Nasci de
pernas para o ar
Nessa manhã
não havia anjos
As mulheres de
branco, gritavam, giravam
e num coropio constante nunca paravam
E os anjos que eu sei são meigos e doces
não berram nem correm aflitos
voam e têm asas macias e fofas
E do buraco esquisito
onde me encontrava
eu via-as a
falar muito, meio desesperadas.
não não eram anjos mesmo que aflitos
Era o
trabalho.

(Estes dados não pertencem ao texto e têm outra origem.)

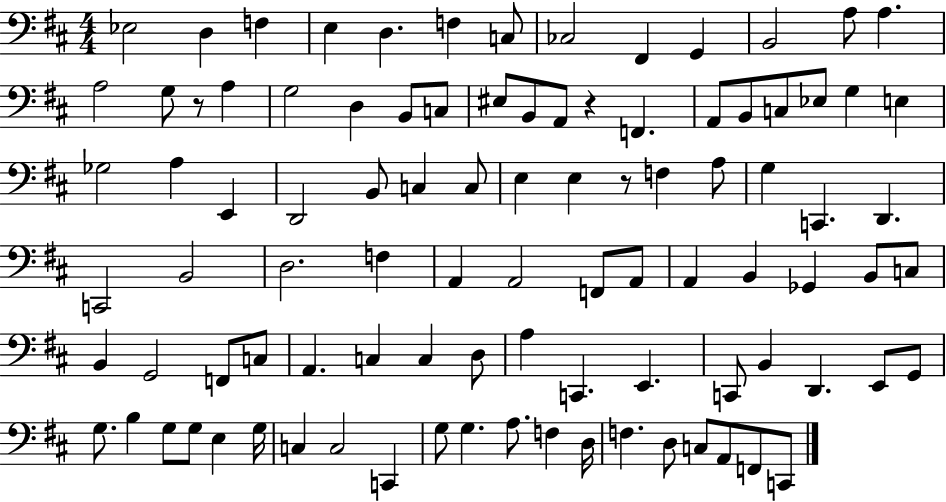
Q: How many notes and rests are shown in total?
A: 96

Muito que fazer.
Muita gente
a nascer.
E eu ali
escondida, que culpa teria disso acontecer?
O céu não
estava estrelado, era de manhã
E o Outono
anunciava-se cinzento e mesclado.
Mais um a
nascer, (era eu)
berravam, as
que pareciam anjos fardados
A noite fora
longa
O mundo
crescera, já tinha mais gente
Seres que mamavam,
dormiam ou choravam
no colo das
mães,
deviam ser mães as que os agarravam
ou que em minúsculas camas dormiam descansados
Vá, vamos
lá, temos que o tirar!
Dizem que as
estrelas só aparecem de noite
E de manhã
se escondem com medo de ser pescadas
e eu sabia que isso era verdade
Os homens e
as mulheres acordados, bradavam
e eu ainda escondida, ouvia-os assustada
As estrelas
escondidas fugiram zangadas
Voltariam ou
não à noite, quando aquele tumulto findasse
E as
mulheres vestidas de branco, mas sem ser anjos,
estavam
cansadas e barafustavam
para quê
mais um?
Não sabia
que eu era uma,
bem feito, enganei-as, para nada mas enganei-as.
E quando
nasci gritei assustada, de raiva e de medo
não queria
nascer, estava tão guardada
mas elas com
mãos certeiras, ferozes, zangadas
puxaram por
mim, puxaram
rasgaram o ventre da minha mãe,
as entranhas de onde saí
E naquele
dia em que todo mundo parecia às avessas
sem
estrelas, que estas fugiram por ser de
manhã,
sem sol, por
estarmos no Outono
parei de
gritei, apareci nua, fiquei muda, toda calada
e por isso
levei, levei tantas palmadas
até que de
novo gritei, berrei muito e tudo
de raiva, de
ódio, de medo,
e também delas que me batiam sem eu ter feito nada
que não eram
anjos,
apenas mulheres muito bem disfarçadas
Não tinham
que me bater nem tinham que me berrar
Eu estava
ali, mas não pedi a ninguém para nascer
Não tive
colo, nem berço
sei lá agora
se os tive,
não me lembro de mais nada nem quero recordar
Só me vejo mais tarde de carrapito apertado
No cimo da
cabeça,
dos bibes
com folhos e dos sapatos mal aparentados
Das proibições de não poder correr, saltar, andar de bicicleta
Não poder
sair à rua, ir a festas, ao cinema, sair com amigas (os)
Não poder
namorar, dar beijos a quem eu quisesse
recebê-los de graça, por amor, com sabor a morangos maduros
Por ambos nos gostarmos, nos queremos bem
Beijos e
morangos e muita de outra fruta,
toda madura e uito gostosa
Até da mais
comum, barata ou de graça,
que nunca comi e só provei mais tarde,
mas nesta altura, que pena que tive, com outro sabor
Não poder
fazer nada, não conseguir viver como idealizara.
Sim, porque
um dia aprendi a pensar
E desejei
muito não ter nascido para não sofrer
não ser penalizada por ser mulher
Não estar
presa, acorrentada, ser violentada pela vida
Dos direitos
que me pertenciam e me foram roubados
Por ter
nascido fêmea e não homem, como era esperado.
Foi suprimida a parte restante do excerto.